Man Who Pleaded Guilty To Slitting Pit Bull’s Throat And Posting Video Online Gets Off Without Jail Time [Opinion]

The Arkansas man who killed a pit bull and broadcast the act on Snapchat has been issued probation.

A closeup of a bull terrier
Drew Angerer / Getty Images

The Arkansas man who killed a pit bull and broadcast the act on Snapchat has been issued probation.

The act could be described as heinous, referring to two men from Arkansas, Steven Sadler and Boots Stanley, who worked together to create one of the most disturbing Snapchat videos in recent memory. Stanley watched and filmed as Sadler proceeded to slit his pit bull’s throat after the defenseless animal struggled to keep its balance atop a horse Stanley was riding.

Unfortunately, the video is still circulating online, via YouTube, though viewing it is not recommended. Within the short clip, Stanley laughs and Sadler murders the pit bull in cold blood. The act took several tries, reports a journalist from KETV. Initially, the duo was charged with one count each of aggravated animal cruelty, which seemed to fit the bill of their highly detested actions. Maximum sentencing for such a crime, were they convicted, would have carried a 10 year prison sentencing accompanied with a $25,000 fine. District Attorney Steve Tew expressed his opinion on the nature of the crime, insinuating his wish to see Sadler and Stanley see justice in an email.

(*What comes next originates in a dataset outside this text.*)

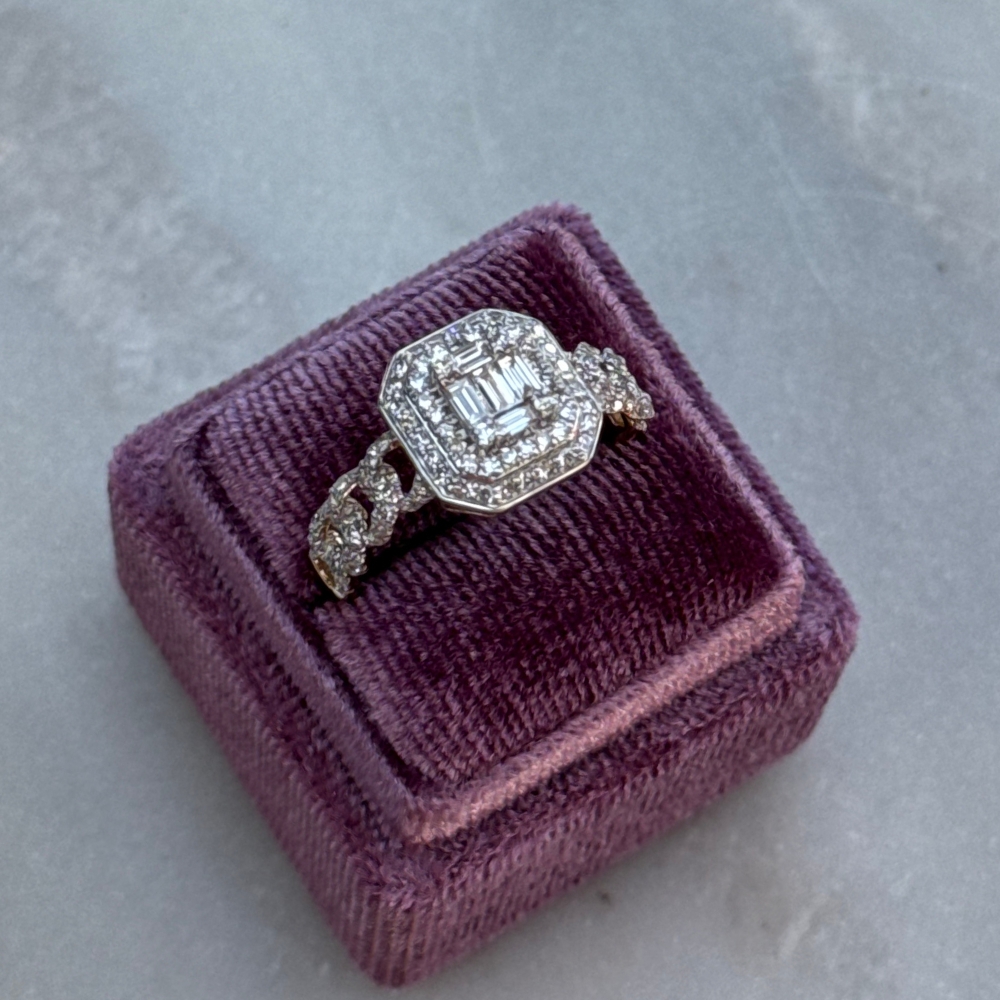 Złoty pierścionek z diamentami złoto 585 14k wielokamieniowy wyjatkowy pierścionek z diamentami łańcuchowy splot nietuzinkowy wzór stylowy elegancki pierścionek z diamentami prezent dla niej wyjatkowy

“Given the inhumane and vicious nature of this crime, the District Attorney’s office requested that the judge impose a severe sentence commensurate with the crime. However, the District Attorney acknowledges that the Court has sole discretion in sentencing.”

Judge Carl Sharp proceeded over the recent hearing, allotting the offenders a considerably lighter punishment, which included probation, a fine, and community service, replacing a suspended three year prison sentence. Animal abuse such as this case is often perceived by animal rights advocates as deeply immoral, and despite these men pleading guilty, their punishment seems light in the hearts of many who have followed the men’s sadistic actions. Sadler is an avid hunter, who was not expected by officials to plead guilty since federal law prohibits felons from owning a gun.

On any given day, animals suffer abuse at the hands of their owners. Many are abandoned altogether, left to fend for themselves, which does not always end well. Some are used for dog fighting. Pit bulls especially are stigmatized and subject to cruel treatment, being unjustly reported to be dangerous animals, even though most would argue that this is a misrepresentation of a breed described by a study reported in The Atlantic, as less aggressive than chihuahuas. Chihuahuas face no such stigma, especially on a legislative level.

Staving pit bull being held by officer
Animal Control Sgt. Dylan Gates holds an emaciated pit bull, one of dozens of dead or starving pit bulls found at an abandoned home in the La Sierra, Calif., community of Riverside County. John S. Welsh/Riverside County Department of Animal Services / AP Images

Besides the three years probation, Stanley and Sadler have been handed a $5,000 fine and 480 hours of community service, says Lewis Unglesby, one of the attorneys representing Stanley. However, if the men simply donate the money toward their fine to Morehouse Parish Humane Society, their community service hours will shaved be in half.

Let it also be noted that Judge Sharp ruled these two men are only barred from owning an animal for a single year.

Advocates against animal cruelty later named the victimized pit bull Justice, states In Defense of Animals. Justice never resisted, likely because dogs generally obey their masters, regardless of circumstances and their own well-being. Prior to pleading guilty, Sadler and Stanley used a preposterous defense. The two and their attorneys cited Bastrop, Louisiana’s “dangerous dog ordinance,” claiming to be well within their rights to kill Justice since the dog was at large and without a muzzle.